Her first stop is Starbucks, which is on her way. She prefers to stop here rather than at the Lima Bean, because no one knows her here. This is where she changes clothes and buys her grande Cinnamon Dolce Latte. Then, she's ready. It's onto Lima Memorial, where she works as a candy striper. It's strangely rewarding but not for the reasons she lets people believe. It's not the sexy uniform or the stares it earns her from some of the patients.

Santana's favorite part is going to the nursery, to hold the new babies - especially the ones who are lonely. She never would have thought babies could get lonely, but apparently, there are only so many nurses and an expanding number of babies. The baby Santana loves to hold more than any of the others doesn't have a name. She was dropped off here as part of the Safe Haven Law, which states that if a parent can't or won't take care of a baby, they can drop that baby off at any hospital or church and they'll take it in with no questions asked.

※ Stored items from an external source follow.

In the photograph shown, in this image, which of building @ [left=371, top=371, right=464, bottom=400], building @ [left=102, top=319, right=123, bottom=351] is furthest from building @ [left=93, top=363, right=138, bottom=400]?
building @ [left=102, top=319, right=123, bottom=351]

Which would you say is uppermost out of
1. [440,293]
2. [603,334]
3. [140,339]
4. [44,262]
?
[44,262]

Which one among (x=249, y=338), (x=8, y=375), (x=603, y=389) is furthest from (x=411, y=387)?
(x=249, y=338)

If anyone at McKinley knew this was how Santana spent her weekends - volunteering and holding abandoned babies - her reputation would be gone. But, in Santana's defense, babies are too small to piss her off. All they do is lie there and look cute. And remind Santana over and over not to get pregnant until she is absolutely ready. When she's volunteering, her only responsibility is holding them. She hands them off when they need to be changed or have to nap or when they have any kind of health crisis.

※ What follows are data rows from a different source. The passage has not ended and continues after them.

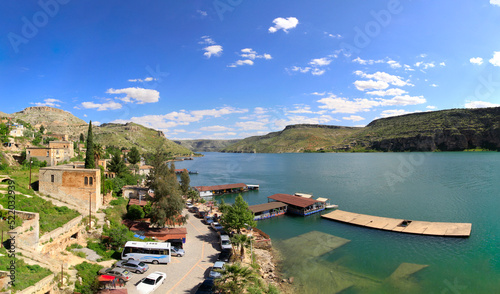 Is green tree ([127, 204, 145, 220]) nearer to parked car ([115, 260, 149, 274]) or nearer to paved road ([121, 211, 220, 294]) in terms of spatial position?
paved road ([121, 211, 220, 294])

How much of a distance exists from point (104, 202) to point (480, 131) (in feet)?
713

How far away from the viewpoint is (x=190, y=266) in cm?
2327

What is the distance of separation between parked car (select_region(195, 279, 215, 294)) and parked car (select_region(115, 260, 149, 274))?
18.4 ft

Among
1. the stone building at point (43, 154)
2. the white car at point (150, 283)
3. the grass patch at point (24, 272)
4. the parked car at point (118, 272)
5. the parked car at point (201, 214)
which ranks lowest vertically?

Since this baby has no name, Santana calls her mija, Spanish for baby girl. She sings the baby Spanish lullabies, even though the baby isn't Latina. It was the only song that soothed her as a child. The one her mother sang to her. She sings, "Hush, my pretty baby," and doesn't see the differences anymore. She doesn't notice the cleft lip, and the missing limbs. To Santana, the baby is perfect. She comes back week after week - sometimes more than that - to give this kid some kind of predictability. It gets to that the baby smiles when she sees Santana. It gets to where the baby prefers Santana.

It's strange. Santana has never been preferred by anyone. Her parents, of course, but they have to love her. She keeps everyone else at arm's length, with a healthy supply of insults and sharp one-liners. If she keeps them back, she's less likely to be hurt.

But what harm can a baby do?

"You're perfect, okay? Just the way you are," she promises. "And Santana loves you. Remember that." Then, she kisses the baby's forehead, imagining her with a name, a home, a family.

It could happen.

Santana ought to know.

It happened for her.

The End.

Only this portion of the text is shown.